Я помню все в мельчайших подробностях. Поистине, феноменальная память - адский подарок ностальгирующей душе. И чем я отличаюсь от воинствующего мазохиста - убейте, не понимаю. Если бы меня спросили, какие слова, по моему мнению, следует выбить на каменных скрижалях, покрыть золотой пылью и оставить в назидание племени младому, незнакомому, ей богу, недолго думал бы. Громко озвучил бы сентенцию, отстоять которую готов против кого угодно! Если на душе у вас - поздняя осень, свищет ледяной ветер и где-то в глубинах естества серебряным тенором Подболотова поется "По дороге в Загорск" - плюньте на все и напейтесь. Золотой век у каждого свой, но такая это неуловимая штука, что дается нам только в прошедшем времени. Ты хватился, а его и след простыл... Вовку только жаль. Он ничего не понимает, дурачок. Маленький еще...
Кто объяснит мне, куда все делось? Кто втолкует ребенку, что как раньше уже не будет, а Новый год он встретит в молчании родителей, свисте метели за окном и неуемной болтовне телевизора? Я озлобилась и онекрасивела, стала раздражительна и сварлива, несдержанна на язык и плаксиво-сентиментальна. Чуть не забыла... ко всему я осталась до отвращения упряма! Ни за что не подойду первая! Провинциальная Марфа-Авдотья-Лукерья с кандидатской степенью... Говорят, раньше нас таких не было. Феномен просвещенного века: ученые дуры научно обосновавшие замысловатую параболику бабьей поведенческой кривизны. Сами себе нравимся... Идиотки!

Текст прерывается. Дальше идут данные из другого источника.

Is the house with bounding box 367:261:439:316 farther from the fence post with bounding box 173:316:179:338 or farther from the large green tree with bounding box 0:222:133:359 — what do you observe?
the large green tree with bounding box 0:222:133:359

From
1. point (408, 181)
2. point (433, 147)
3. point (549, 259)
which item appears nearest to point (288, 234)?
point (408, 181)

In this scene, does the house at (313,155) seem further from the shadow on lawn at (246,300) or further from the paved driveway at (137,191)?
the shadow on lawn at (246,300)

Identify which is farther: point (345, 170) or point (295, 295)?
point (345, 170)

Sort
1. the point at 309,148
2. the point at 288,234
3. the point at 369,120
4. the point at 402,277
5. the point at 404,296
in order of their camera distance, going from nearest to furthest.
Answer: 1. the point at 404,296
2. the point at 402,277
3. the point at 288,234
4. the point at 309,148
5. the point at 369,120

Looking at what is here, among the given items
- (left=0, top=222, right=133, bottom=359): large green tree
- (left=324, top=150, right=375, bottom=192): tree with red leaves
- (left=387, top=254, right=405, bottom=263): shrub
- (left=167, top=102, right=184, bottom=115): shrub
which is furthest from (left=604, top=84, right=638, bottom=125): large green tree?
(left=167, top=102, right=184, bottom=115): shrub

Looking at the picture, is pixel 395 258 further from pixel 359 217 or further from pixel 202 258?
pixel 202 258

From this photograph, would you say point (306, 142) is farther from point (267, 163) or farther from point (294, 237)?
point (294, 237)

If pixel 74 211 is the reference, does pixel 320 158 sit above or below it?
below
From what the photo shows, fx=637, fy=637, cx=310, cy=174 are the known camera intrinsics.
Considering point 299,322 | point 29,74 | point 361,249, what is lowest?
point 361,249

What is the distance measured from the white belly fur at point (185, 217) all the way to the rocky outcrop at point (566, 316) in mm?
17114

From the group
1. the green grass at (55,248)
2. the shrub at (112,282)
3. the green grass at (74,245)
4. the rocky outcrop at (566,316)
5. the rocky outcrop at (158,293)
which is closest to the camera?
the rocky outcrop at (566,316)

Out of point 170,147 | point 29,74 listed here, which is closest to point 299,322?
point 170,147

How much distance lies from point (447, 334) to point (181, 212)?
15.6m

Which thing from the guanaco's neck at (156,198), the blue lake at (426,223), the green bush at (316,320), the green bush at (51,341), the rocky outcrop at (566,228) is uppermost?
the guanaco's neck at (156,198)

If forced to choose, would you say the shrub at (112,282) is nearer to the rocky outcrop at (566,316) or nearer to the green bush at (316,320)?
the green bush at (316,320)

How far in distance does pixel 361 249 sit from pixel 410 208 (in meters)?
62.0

"...что темнеет не в десять, а в восемь"... Здесь под Оймяконом на землю падают грустные сумерки, и ты в безумной прострации вторишь Подболотову "Мело, мело во все пределы"... Наша станция, убежден, находится не только на полюсе холода, но и на полюсе времени. Оно тут глубоко и осязаемо, смотрит понимающими глазами, как большая собака, заполняет тебя целиком и ты, стокилограммовый громила, едва не воешь в небо цвета сепии "...с рождением ребенка теряется право на выбор. И душе тяжело состоять при разладе таком..." В этой умиротворенной глуши притупилась охота выяснять с Катькой отношения. Я долго диссонировал со "здешностью", но теперь нашел верную ноту и... медленно плыву по течению жизни, тихонько подвывая без "форте" и "пиано"... И Вовка, маленький дурачок, потерялся в этой огромной, непонятной жизни между мной и Катькой... Аукает, кроха, докричаться не может...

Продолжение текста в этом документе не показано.